I have this code which produces a Value error.
y = df['weather type']
# y is an array with the 11 unique values 0, 1, 2, 3, 4, 5, 6, 7, 8, 9, 10
# and of an 'object' type:
array([10, 10, 10, ..., 10, 10, 9])
# Encode the target variable (weather type) to numeric values -
# not sure if I should have done this step because it seems to have messed up my target labels?
y_le = LabelEncoder()
y = y_le.fit_transform(y)
# the unique values of y_le.classes_ are '0', '1', '10', '11', '12', '2', '3', '5', '6', '7', '8'
# the unique values of y_val are 0, 1, 3, 4, 5, 6, 7, 8, 9, 10
# Initialize the XGBoost classifier
xgb_model = xgb.XGBClassifier(objective='multi:softmax', num_class=len(le.classes_))
# Train the model
xgb_model.fit(X_train, y_train)
# Make predictions on the validation set
y_pred_val = grid_search.predict(X_val)
# Evaluate the model
# Print classification report and confusion matrix
print("nClassification Report:n", classification_report(y_val, y_pred_val, target_names=y_le.classes_))

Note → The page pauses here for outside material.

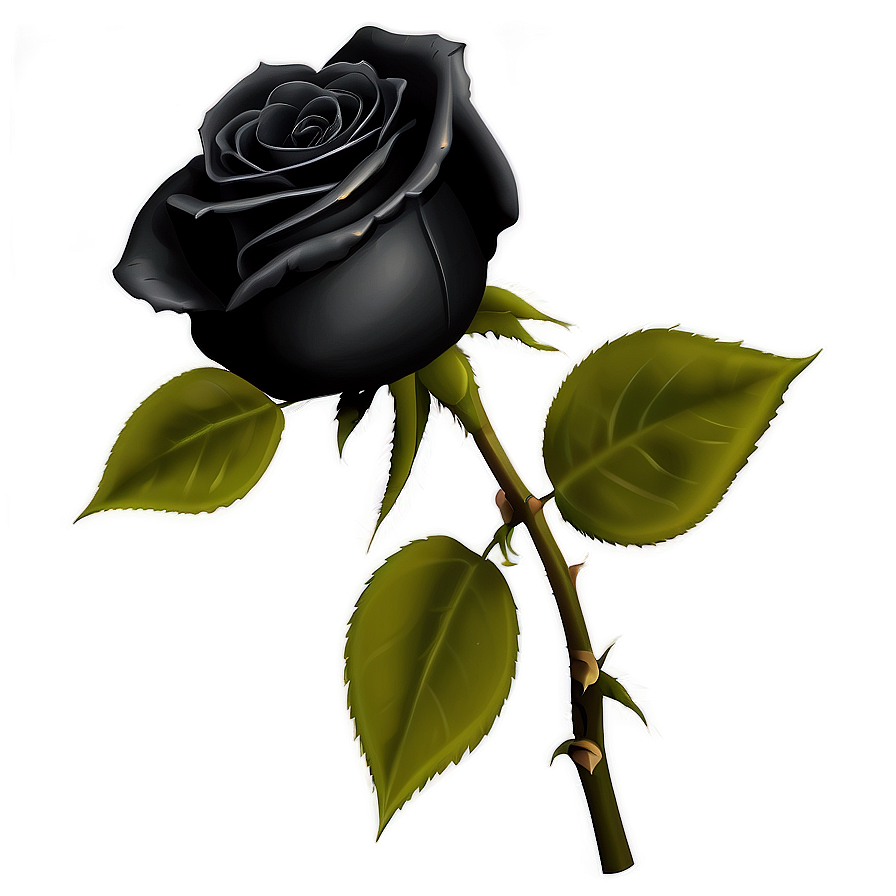 Realistic Black Roses Png Mbn PNG Image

The value error is as follows:
--------------------------------------------------------------------------
ValueError Traceback (most recent call last)
Cell In[292], line 6
2 y_pred_val = xgb_model.predict(X_val)
4 # Evaluate the model
5 # Print classification report and confusion matrix
----> 6 print("nClassification Report:n", classification_report(y_val, y_pred_val, target_names=y_le.classes_))
7 #print("nClassification Report:n", classification_report(y_val, y_pred_val, labels=range(len(y_le.classes_)), target_names=y_le.classes_))
File ~anaconda3libsite-packagessklearnmetrics_classification.py:2332, in classification_report(y_true, y_pred, labels, target_names, sample_weight, digits, output_dict, zero_division)
2326 warnings.warn(
2327 "labels size, {0}, does not match size of target_names, {1}".format(
2328 len(labels), len(target_names)
2329 )
2330 )
2331 else:
-> 2332 raise ValueError(
2333 "Number of classes, {0}, does not match size of "
2334 "target_names, {1}. Try specifying the labels "
2335 "parameter".format(len(labels), len(target_names))
2336 )
2337 if target_names is None:
2338 target_names = ["%s" % l for l in labels]
ValueError: Number of classes, 10, does not match size of target_names, 11. Try specifying the labels parameter
as far as I can see, I have already set target_names=y_le.classes_.
How to fix this?
Additionally my target variable, weather_type is an ‘object’ data type, and I am not sure if I should converted it to numeric for an XGBoost multi-classification model?